Modern Ethiopian History and Geography

Starting with the fascist Italian occupation of Ethiopia in 1935, Ethiopian history has been characterized as turbulent. In 1915, as the World War I allies discussed possible land divisions in Africa, Italy focused its attention on the horn of Africa. On October 3, 1935, Italy crossed into Ethiopia and launched a full scale invasion.[1]

Haile Selassie came to power in Ethiopia in 1930. During this time period, Ethiopia became known as the island of independence during an era of European colonization of African lands.  Selassie would stay in power from 1930 to 1974. Selassie introduced Ethiopia’s first written constitution in 1931, which provided a bicameral legislature. The constitution kept power with the nobility, but it also set democratic standards among the nobility. However, human rights under Selassie’s regime were lacking. Adding to the turmoil, a famine ripped through the nation between 1972 and 1974 and killed thousands of Ethiopians. These factors along with economic hardships caused a revolution to take place in 1974 and ended Selassie’s reign as emperor.[2]

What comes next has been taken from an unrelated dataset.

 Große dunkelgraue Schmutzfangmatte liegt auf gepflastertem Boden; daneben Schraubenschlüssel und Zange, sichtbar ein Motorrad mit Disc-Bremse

The 1974 revolution established a socialist state in Ethiopia. From 1974 to 1991, Ethiopia engaged in a Civil War, also known as the “Red Terror,” causing thousands to die. Many Ethiopians were able to flee to the west and many immigrated to the United States. According to professor Solomon Addis Getabun of the University of Central Michigan, “The majority of the African refugees of the past decade have come from the Horn of Africa, an area that has been in ‘permanent emergence’ for decades.”[3] Ethiopia has accounted for 1,743,800 of these refugees, mostly caused by the misfortune of the “Red Terror.”[4]

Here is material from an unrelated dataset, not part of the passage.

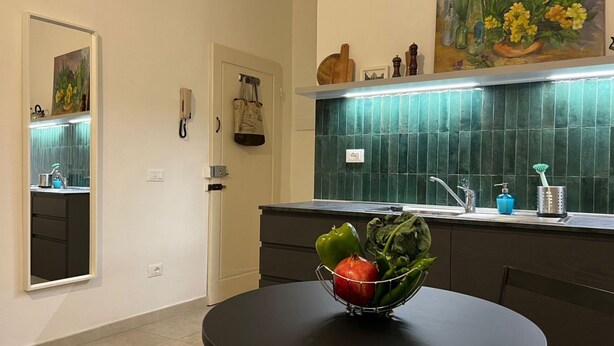 A modern kitchen with a round table, a fruit bowl, a green tiled backsplash, and a painting above the sink.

[1] Bahru Zewde, A History of Modern Ethiopia: 1855-1991 (Athens, Ohio: Ohio University Press, 2006), 152-53.
[2] Richard Pankhurst, The Ethiopians (Malden, Massachusetts: Blackwell Publishers), 264-70.
[3] Solomon Addis Getabun, The History of Ethiopian Immigrants and Refugees in America, 1900-2000. (New York: LFB Publishing, 2007), 48.
[4] Ibid.

Citation for Timeline:
[5] British Broadcasting Corporation. “Ethiopia Profile Timeline. accessed November 12, 2016.